Was man besser vermeiden sollte:

  • Zu schneller Rollout ohne individuelle Abstimmung
    In einigen Bereichen wurde der Rollout zu früh skaliert – bevor die projektbezogenen Budgets oder Genehmigungswege ausreichend definiert waren. Daraus ergaben sich Rückfragen und Unsicherheiten, die das Tempo zunächst wieder bremsten.
  • Unklare Richtlinien zur Nutzung
    In der Anfangsphase fehlte es teils an klaren Regeln, welche Ausgaben mit der virtuellen Karte bezahlt werden sollten und welche nicht. Eine einfache interne FAQ mit Beispielen hätte hier viele Rückfragen vermeiden können.
  • Unterschätzte Schulungsbedarfe in Spezialfällen
    Besonders bei Mitarbeitenden, die selten reisen oder mit komplexen Projektstrukturen arbeiten, waren zusätzliche Einweisungen nötig – etwa zur Aufteilung von Kosten auf mehrere Projekte oder zur Nutzung im Ausland.

Diese Erkenntnisse zeigen: Die Wahl der Lösung ist wichtig – aber entscheidend ist der Begleitprozess. Digitalisierung ist nicht nur ein IT-Thema, sondern vor allem eine Führungsaufgabe.

Fazit - Kleine Beträge, großer Hebel

Was als scheinbar banales Problem begann – spontane Ausgaben auf Dienstreisen – entpuppte sich als bedeutender Effizienz- und Ergebnishebel in einem mittelständischen Maschinenbauunternehmen. Die Einführung eines digitalen Zahlungssystems war mehr als ein Prozess-Upgrade: Sie veränderte das Zusammenspiel von Außendienst, Buchhaltung und Management – und stärkte die wirtschaftliche Steuerungsfähigkeit spürbar.

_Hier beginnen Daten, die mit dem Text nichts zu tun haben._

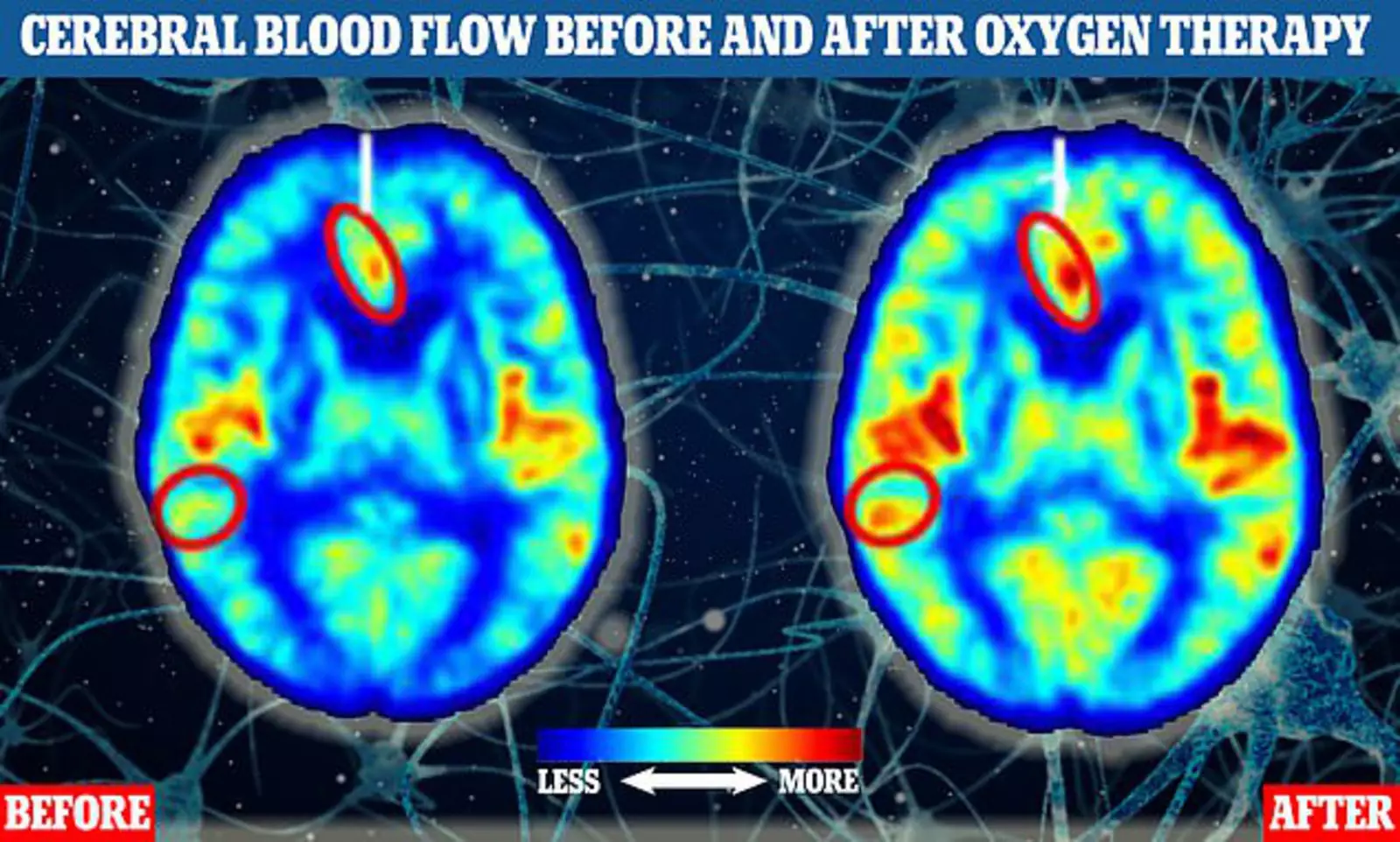 Два снимка МРТ головного мозга участников исследования показывают кровоток до (слева) и после (справа) одного из участников исследования кислородной терапии. Области, где больше желтых, оранжевых и красных тонов, указывают на более высокий уровень кровотока. 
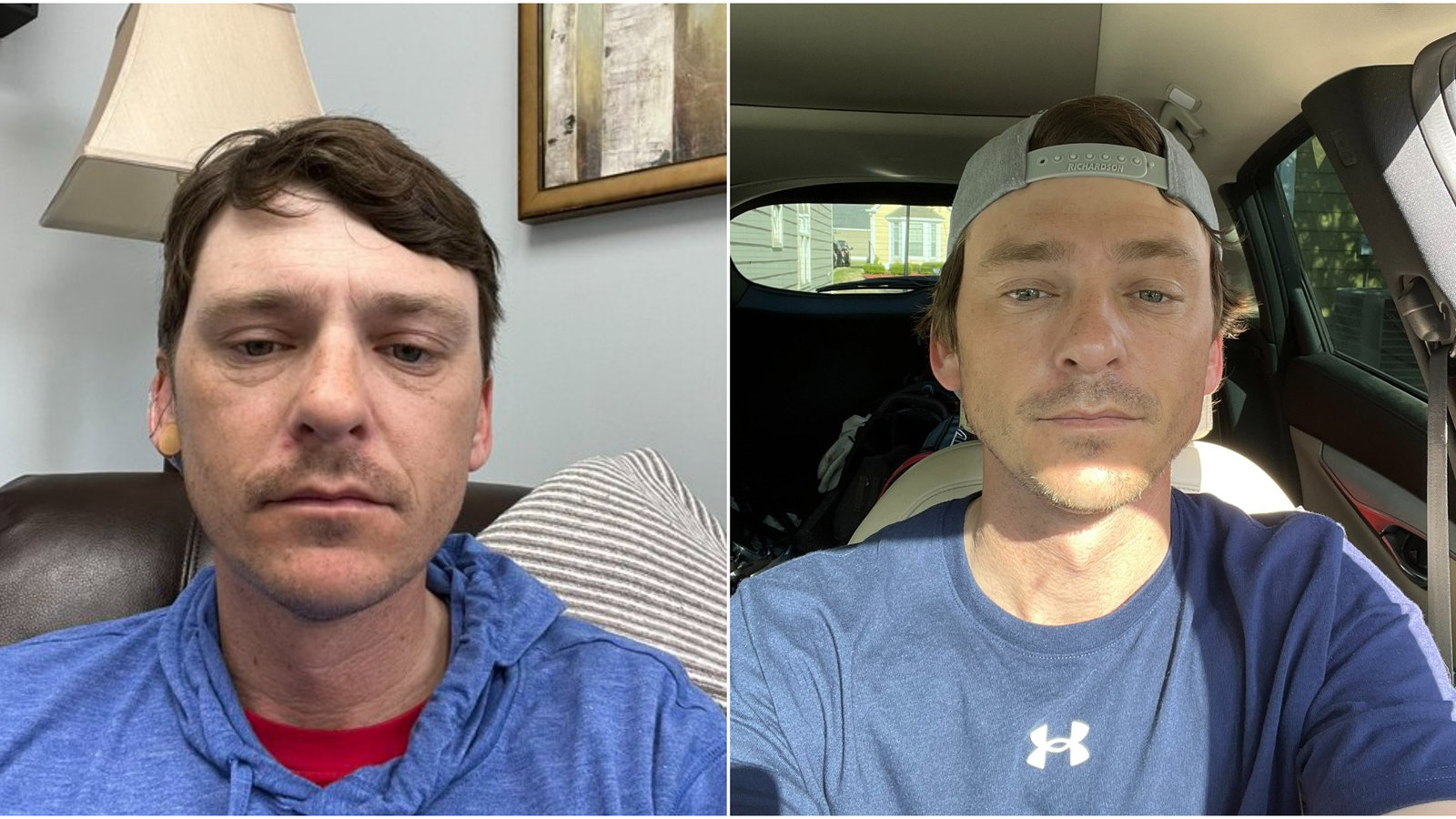 Former PGA Tour player posts haunting image showing effects of drugs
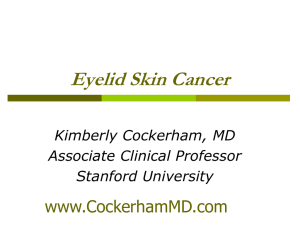 eyelid cancer update - Kimberly Cockerham, MD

„Unterwegs-Kosten“ sind oft diffus, unregelmäßig und schwer zuzuordnen. Doch gerade deshalb können sie sich in Summe zu einem systemischen Blindspot entwickeln: Projektmargen werden verzerrt, Budgets überzogen, Rückstellungen geraten zur Schätzung. Mit der richtigen Lösung werden diese Ausgaben sichtbar, steuerbar und sogar verrechenbar – in Echtzeit und ohne Zusatzaufwand.

Die positiven Effekte im dargestellten Unternehmen zeigen:

  • Transparente Datenlage führt zu besseren Entscheidungen.
  • Digitale Prozesse entlasten sowohl Mitarbeitende als auch Führungskräfte.
  • Kostenerfassung in Echtzeit verbessert Cashflow, Forecasts und Kundenabrechnung.
  • Moderne Tools zahlen auf Attraktivität und Wettbewerbsfähigkeit als Arbeitgeber ein.

Insbesondere in einem Umfeld mit hoher Reisetätigkeit, knappen Margen und hohem Anspruch an Qualität sind solche kleinen Hebel entscheidend. Der Maschinenbau befindet sich im globalen Wettbewerb – dort zählt jedes Prozentpunkt Marge, jede Stunde Zeit und jedes klare Signal an Talente und Mitarbeitende.

Die vorgestellte Lösung ist kein Großprojekt. Aber sie hat Großes bewirkt.